いつも一緒に居る分、私は一番の祖母の理解者だったし、祖母は私の理解者でした。
明治生まれの祖母です。
祖母が子どものころは周囲にずいぶん江戸の風情を残した人が居たわけです。
そんな祖母にいろんな話を聞くのが好きでした。
そう言う事が積み重なって、20歳を過ぎて私は江戸園芸の流れを組む、古いタイプの師匠陣に付くことになります。

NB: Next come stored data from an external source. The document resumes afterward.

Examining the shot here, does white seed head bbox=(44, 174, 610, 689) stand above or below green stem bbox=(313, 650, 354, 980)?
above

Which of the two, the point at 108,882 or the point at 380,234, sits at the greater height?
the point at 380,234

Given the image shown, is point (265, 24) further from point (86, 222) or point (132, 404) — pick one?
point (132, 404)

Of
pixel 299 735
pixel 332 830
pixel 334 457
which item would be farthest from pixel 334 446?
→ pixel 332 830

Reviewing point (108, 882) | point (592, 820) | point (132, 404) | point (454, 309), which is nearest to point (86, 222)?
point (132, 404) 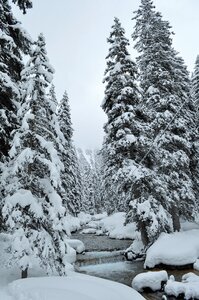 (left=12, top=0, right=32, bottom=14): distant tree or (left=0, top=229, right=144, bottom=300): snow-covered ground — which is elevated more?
(left=12, top=0, right=32, bottom=14): distant tree

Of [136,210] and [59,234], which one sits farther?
[136,210]

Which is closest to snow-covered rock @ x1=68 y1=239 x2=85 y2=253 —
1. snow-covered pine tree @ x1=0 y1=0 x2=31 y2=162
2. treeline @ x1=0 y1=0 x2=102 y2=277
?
treeline @ x1=0 y1=0 x2=102 y2=277

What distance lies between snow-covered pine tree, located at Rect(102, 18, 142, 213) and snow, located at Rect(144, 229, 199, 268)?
442 centimetres

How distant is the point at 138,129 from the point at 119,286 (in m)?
12.8

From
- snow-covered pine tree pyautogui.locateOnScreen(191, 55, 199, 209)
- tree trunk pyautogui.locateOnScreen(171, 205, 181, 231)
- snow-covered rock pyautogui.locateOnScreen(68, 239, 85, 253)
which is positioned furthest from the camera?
snow-covered pine tree pyautogui.locateOnScreen(191, 55, 199, 209)

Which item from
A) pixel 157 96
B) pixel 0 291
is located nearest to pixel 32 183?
pixel 0 291

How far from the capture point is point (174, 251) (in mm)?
17234

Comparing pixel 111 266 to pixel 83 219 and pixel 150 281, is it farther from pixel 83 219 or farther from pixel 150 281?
pixel 83 219

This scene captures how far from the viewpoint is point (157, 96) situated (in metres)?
23.6

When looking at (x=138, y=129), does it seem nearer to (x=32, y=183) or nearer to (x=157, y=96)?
(x=157, y=96)

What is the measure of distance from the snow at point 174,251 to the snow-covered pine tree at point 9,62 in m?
10.1

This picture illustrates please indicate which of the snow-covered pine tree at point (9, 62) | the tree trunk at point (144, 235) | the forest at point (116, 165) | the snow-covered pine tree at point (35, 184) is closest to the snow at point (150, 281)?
the forest at point (116, 165)

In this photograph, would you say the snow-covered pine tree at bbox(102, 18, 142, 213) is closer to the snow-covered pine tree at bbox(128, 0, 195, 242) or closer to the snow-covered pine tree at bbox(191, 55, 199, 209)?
the snow-covered pine tree at bbox(128, 0, 195, 242)

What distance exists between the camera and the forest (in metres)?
11.4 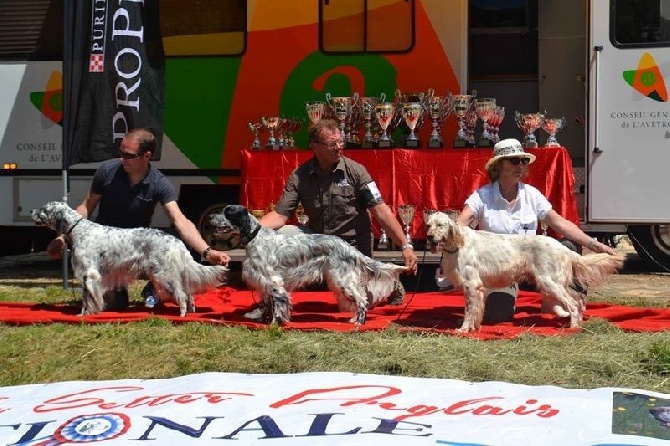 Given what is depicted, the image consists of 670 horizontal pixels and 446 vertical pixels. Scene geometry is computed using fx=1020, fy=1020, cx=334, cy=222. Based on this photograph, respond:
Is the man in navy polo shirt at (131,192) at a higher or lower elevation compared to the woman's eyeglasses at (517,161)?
lower

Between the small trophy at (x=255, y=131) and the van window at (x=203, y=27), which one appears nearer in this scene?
the small trophy at (x=255, y=131)

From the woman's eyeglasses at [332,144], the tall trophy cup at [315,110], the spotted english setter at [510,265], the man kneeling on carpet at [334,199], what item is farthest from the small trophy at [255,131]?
the spotted english setter at [510,265]

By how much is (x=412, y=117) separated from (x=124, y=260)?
299cm

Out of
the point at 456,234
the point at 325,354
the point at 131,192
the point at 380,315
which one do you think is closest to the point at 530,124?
the point at 380,315

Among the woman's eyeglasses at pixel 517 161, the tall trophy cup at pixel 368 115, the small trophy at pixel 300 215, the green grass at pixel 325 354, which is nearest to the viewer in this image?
the green grass at pixel 325 354

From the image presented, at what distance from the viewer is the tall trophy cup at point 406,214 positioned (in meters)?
8.61

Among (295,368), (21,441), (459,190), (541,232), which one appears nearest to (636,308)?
(541,232)

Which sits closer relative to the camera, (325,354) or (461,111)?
(325,354)

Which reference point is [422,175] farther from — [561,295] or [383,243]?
[561,295]

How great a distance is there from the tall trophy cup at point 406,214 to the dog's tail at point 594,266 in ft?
7.52

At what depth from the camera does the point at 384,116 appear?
344 inches

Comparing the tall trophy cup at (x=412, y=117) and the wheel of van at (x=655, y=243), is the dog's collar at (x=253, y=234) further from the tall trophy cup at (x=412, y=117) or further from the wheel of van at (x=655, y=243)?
the wheel of van at (x=655, y=243)

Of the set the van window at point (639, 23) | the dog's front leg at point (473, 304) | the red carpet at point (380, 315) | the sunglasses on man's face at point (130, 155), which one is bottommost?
the red carpet at point (380, 315)

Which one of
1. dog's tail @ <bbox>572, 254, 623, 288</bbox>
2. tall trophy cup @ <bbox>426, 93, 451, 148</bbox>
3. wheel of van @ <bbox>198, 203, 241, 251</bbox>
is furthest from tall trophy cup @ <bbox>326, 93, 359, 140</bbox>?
dog's tail @ <bbox>572, 254, 623, 288</bbox> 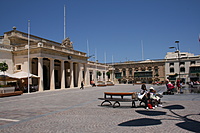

こうしてみると、幼児のころの環境がその後に与える影響ってぇのはかなり大きいわけで。
私はこうしてみても、良い時代に育ったんですねぇ。
全体がのんびりしてましたもの。
こんな私は昭和生まれ。
明治だなんていうと相当昔のように感じてました。
ということはつまり、令和に生まれたお子さんには同じように思われるんでしょうね。
ああ、気持ちは若いつもりなんですが、そんな時代まで生きてしまいましたね。
・お道具に対する姿勢
昔は、何をするにも資源が乏しかったでしょう。
ですから、物は大事にしたものです。
昭和の半ば生まれの私が子供のころは、もう大量消費社会になっていましたね。
ところがこちらは田舎です。
まだまだ物を大事にする風潮が残っていました。
特に私なんかは、明治生まれの祖母の教えで大切にする癖が身に付いちゃってる。
どれぐらい身に付いちゃってるかと言うと。
高校入学の祝いで買ってもらった腕時計がまだ現役です。
そして、高校時代のジャージをまだ時々部屋着にしています。
どうにも、今の感覚で言うと、変な人になりましょうね。
もちろん、捨てるものは捨てますし、買い替えもします。
ですが、思い出や思い入れを「モノ」に込めやすいんでしょうね。
こうなると、そのモノに情が湧いてくるんです。
こうなると、人生の同志みたいな気持ちになって、捨てられないし使い続けたい。
これはケチとは違うんです。
気に入ったお道具への姿勢なんですね。
・菜切りの庖丁
菜切り庖丁。
これは、和庖丁の一種です。
そして、91歳まで生きた祖母は、私にこれを遺して旅立ちました。
そんな祖母が若い頃から愛用していた菜切り庖丁。
研ぎに研がれて厚みは、更に薄くなっています。
大変な時代を生き抜いて、この庖丁で野菜や山菜を毎日のように刻み、7人の子供を育てたのでしょうね。
それで今は私がこうして受け継いでいるのです。
ところが、実際に調理するときは怖くて祖母の形見は使えません。
なぜなら、下手をすると刃を欠いてしまうんじゃないかと思うから。
このように、それぐらい薄いんです。
そしてこの庖丁、長年祖母が我流で研いでいたので、刃が波打ってしまってる。
これでは私もそう簡単に研げないんですね。
☆包丁研ぎの職人さん
そこでついに昨日。
包丁研ぎの職人さんたちが出張研ぎに見えてらっしゃるとの情報。
そこで、ちょっと遠かったんですが思い切ってそのお店に、形見の庖丁を持って行ってみました。
すると、あまりにも古くボロボロの庖丁なのにもかかわらず、職人さんの連携で、見事に修復して下すったんです。
①確認と全体の修正⇒②荒砥ぎ⇒③表面処理⇒④小刃づけ⇒⑤仕上げ確認
ご覧ください。
刃に付いた癖も無くなり、切れ味も新品同様。
セラミックシャープナー、それには出せない刃物の命みたいなものが宿りますね。
こういうのもまた、失ってはならない職人の技なのだ。
そう思い知らされた昨日の出来事でありました。
さて、今日も最後までお読み下すってありがとうございました。